**Work request**
Find the line with "Happy Anniversary Showing" in the records below, then please transcribe it and every later line exactly, omitting the pictures and adding nothing.

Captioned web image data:
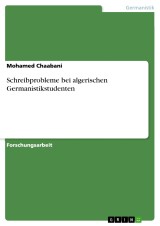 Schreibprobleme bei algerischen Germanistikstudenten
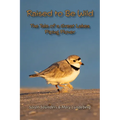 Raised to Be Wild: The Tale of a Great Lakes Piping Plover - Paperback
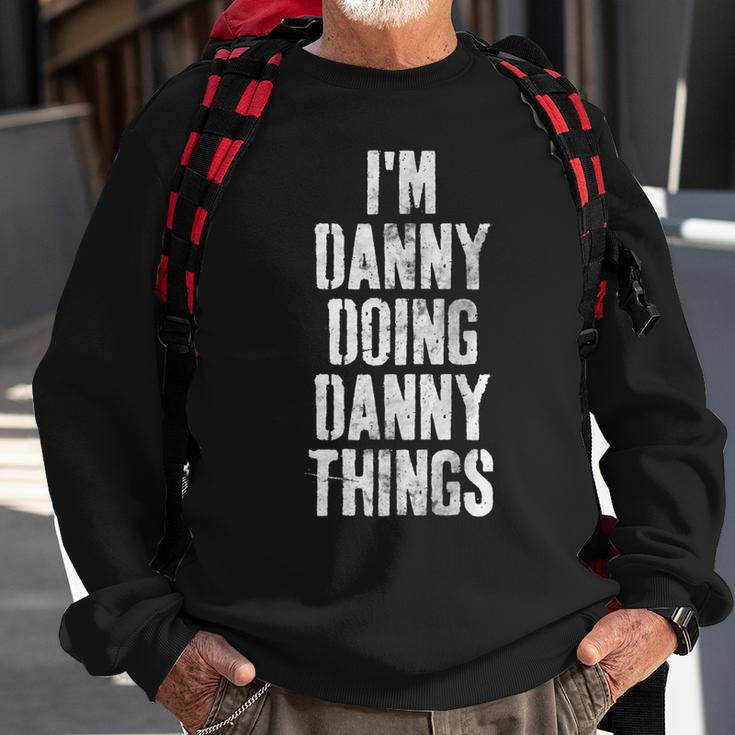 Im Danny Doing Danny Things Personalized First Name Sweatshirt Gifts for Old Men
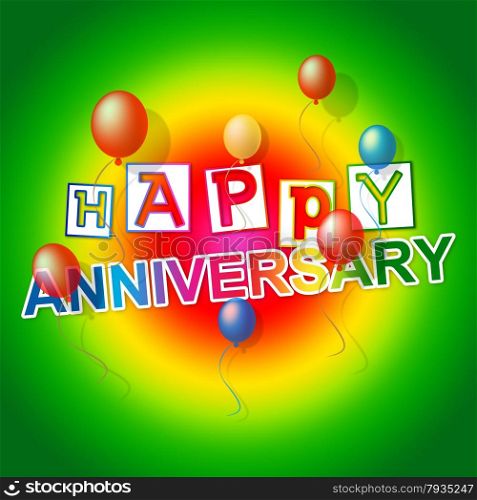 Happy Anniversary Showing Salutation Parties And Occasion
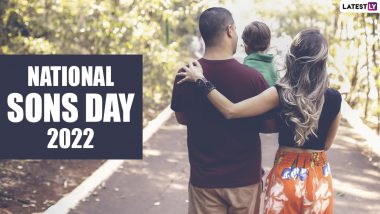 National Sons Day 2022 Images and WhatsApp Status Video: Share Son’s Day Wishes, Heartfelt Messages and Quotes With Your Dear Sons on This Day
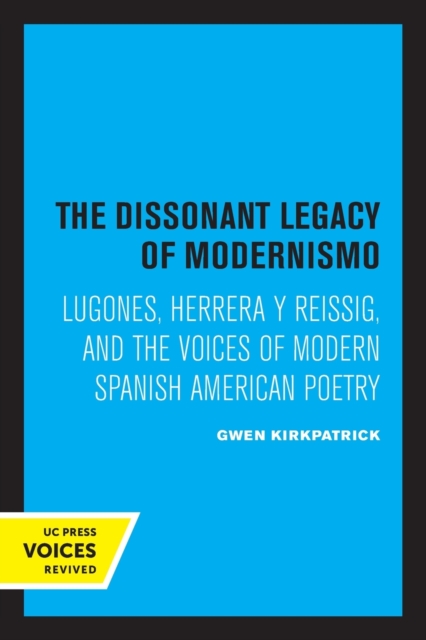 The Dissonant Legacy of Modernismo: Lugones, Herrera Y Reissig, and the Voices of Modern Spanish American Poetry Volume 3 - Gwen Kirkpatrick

**Response area**
 Happy Anniversary Showing Salutation Parties And Occasion
 National Sons Day 2022 Images and WhatsApp Status Video: Share Son’s Day Wishes, Heartfelt Messages and Quotes With Your Dear Sons on This Day
 The Dissonant Legacy of Modernismo: Lugones, Herrera Y Reissig, and the Voices of Modern Spanish American Poetry Volume 3 - Gwen Kirkpatrick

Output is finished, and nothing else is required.